Dass eine „Kenia“-Koalition nicht davor zurückschrecken würde, eng mit der AfD zusammenzuarbeiten und die Weichen für zukünftige Regierungskoalitionen mit den Rechtsextremen zu stellen, wird in Sachsen-Anhalt sichtbar. In dem bislang einzigen Bundesland, in dem CDU, SPD und Grüne seit nunmehr drei Jahren miteinander regieren, wurde 2017 mit den Stimmen von AfD und CDU eine Enquete Kommission gegen Linksextremismus unter der Führung des damaligen AfD-Fraktionsvorsitzenden André Poggenburg eingerichtet, eines offenen Rassisten und Faschisten.

Im Juni veröffentlichten die stellvertretenden Vorsitzenden der CDU-Fraktion im sachsen-anhaltinischen Landtag, Ulrich Thomas und Lars-Jörn Zimmer, eine Denkschrift, die sich für eine mögliche Koalitionsregierung mit der AfD ausspricht. Und dies auf der Grundlage eines explizit rechtsextremen Programms. Es müsse „wieder gelingen, das Soziale mit dem Nationalen zu versöhnen, Sicherheit vor sozialem Absturz mit Sicherheit vor Kriminalität. Der Sehnsucht nach Heimat und nationaler Identität ist durch eine klare Abgrenzung gegen multikulturelle Strömungen linker Parteien und Gruppen entgegenzutreten“, heißt es darin.

Auch in Sachsen arbeiten Teile der CDU bereits offen mit der AfD zusammen und machen sich für eine zukünftige Regierungszusammenarbeit stark. Auf Wahlkampfveranstaltungen des früheren Verfassungsschutzpräsidenten Hans-Georg Maaßen (CDU) waren oftmals mehr AfD-Anhänger als Mitglieder seiner eigenen Partei anwesend.
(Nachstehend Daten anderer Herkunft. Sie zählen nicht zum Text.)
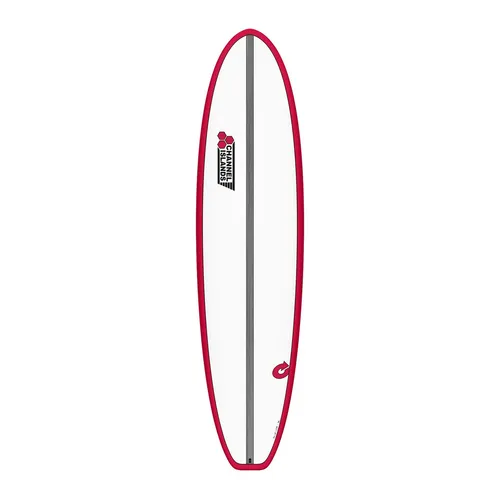 Surfboard CHANNEL ISLANDS X-lite2 Chancho 8.0 Rot Al Merrick Shape Torq - Mini Malibu Surfboard in Rot, ideal für Anfänger und Fortgeschrittene, bietet hervorragende Stabilität und Wendigkeit beim Surfen.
Bezeichnenderweise wurde vor wenigen Tagen Matthias Rößler, ein enger Verbündeter Maaßens, von der CDU-Fraktion erneut als Parlamentspräsident vorgeschlagen.

Die Linkspartei ist keine Kraft gegen die Rechtswende, sondern Bestandteil davon. Die Partei, deren Vorgängerorganisationen vor 30 Jahren den Kapitalismus in Ostdeutschland wieder eingeführt hat, und damit die Hauptverantwortung für die soziale Katastrophe und die politische Frustration trägt, die nun von der extremen Rechten ausgeschlachtet wird, orientiert sich nach ihrem Wahldebakel ebenfalls an der Politik der AfD.

So beklagte die Fraktionsvorsitzende Sahra Wagenknecht den Umgang ihrer Partei „mit AfD-Wählern, die gern pauschal als Rassisten beschimpft werden“. Wenn man „wieder mehr Zuspruch“ haben wolle, müsse man sich „ändern“. Dabei gehe es „nicht nur um unsere Haltung zur Migration“. Auch „Heimat“ und „Familie“ seien „etwas sehr Wichtiges“. Das Gleiche gelte für die Themen „Sicherheit“ und „Schutz vor Kriminalität“.